Tuesday, November 20, 2012

Moon Dancers

Moon Dancers by paynehollow
Moon Dancers, a photo by paynehollow on Flickr.

Whether it is to our liking or not, we will find ourselves in darkness a full half of our lives. For some of us, maybe more.

[And let me be vague here: I'm speaking primarily of that chasm that separates a physical day and a physical night - although if you can find some metaphorical reasoning here worth considering, then consider, away.]

We can - and many do - choose to curse that entire blackened half of our lives. We can choose to spit on it, despise it, fear it, despair of it, dread its daily return... but I have to think that it makes some certain amount of sense to embrace that solemn darkness and find what strength and hope it may offer, for its own sake.

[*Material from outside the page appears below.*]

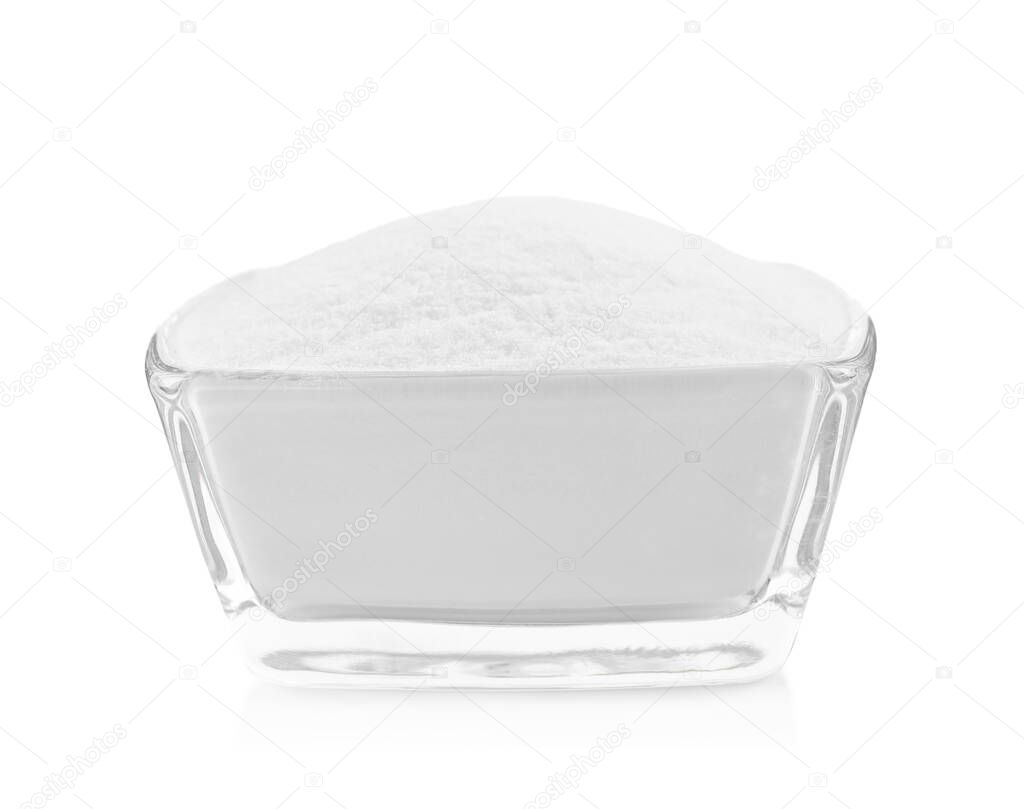 Glass bowl with baking soda isolated on white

Can't we find a peace that can come only in the darkness, the grace of rest undisturbed by bright, relentless, piercing light?

Can't we find adventure that can only be found in the black night - the joy of carefully walking a path not by sight, but by touch and sound, smell and taste... stepping slowly down a night-covered path, feeling cautiously (and with a certain nervous excitement) with our feet for roots that might trip us, searching for a breeze on our cheeks, listening for a rustle of leaves and maybe just the hint of light from a cloud-covered moon and pin-pricked stars to give us a clue as to which way to go?

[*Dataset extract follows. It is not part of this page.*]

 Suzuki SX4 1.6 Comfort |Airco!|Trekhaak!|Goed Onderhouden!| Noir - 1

Can't we find comfort, even in the cold and unwanted darkness, despite its inconvenience, despite its gloom?

I don't know, I don't know. I do know it's easier to say "embrace the darkness," while I sit clothed in lightness.

But maybe the very challenge of embracing the dark and accepting the limitations imposed upon us by that Shroud which Obscures... maybe that challenge is something not only to be painfully endured until it has passed, but to be loved for its own sake?

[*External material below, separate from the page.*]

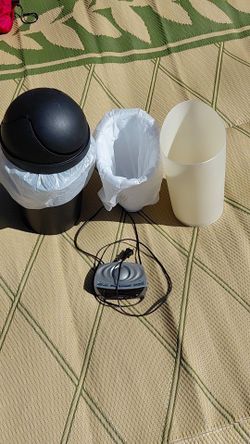 3 garbage cans and alarm clock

I don't know. I just don't think I want to wish away half my life.

Says the fella thinking in the light of day.

2 comments:

Geoffrey Kruse-Safford said...

OK, no one is going to take up cudgels on this one, I will.

There is something more than a bit mystical about the refusal to banish the night/darkness qua night/darkness, whether real or metaphorical. As someone who simultaneously has suffered in the past from slight S.A.D., yet who also enjoys the dark of night - heck, I spent five years working third shift - I can sympathize more than a little with the desire to refuse to set a large chunk of one's life aside.

Yet, embracing both the dark and the light - whether in some "real" or "metaphorical" or even "mystical" senses of these terms - involves inherent risks. While Nietzsche's famous aphorism about abysses staring back is a cat at night, it does shed some wisdom upon the all too human attempt to reconcile or transcend contradictory elements of our lives. We may end up becoming swallowed up in our own worst selves.

Some cheery thoughts this Friday morning. Hope you have a great day at work!

Dan Trabue said...

Wow. Way too deep, even for a Friday morning.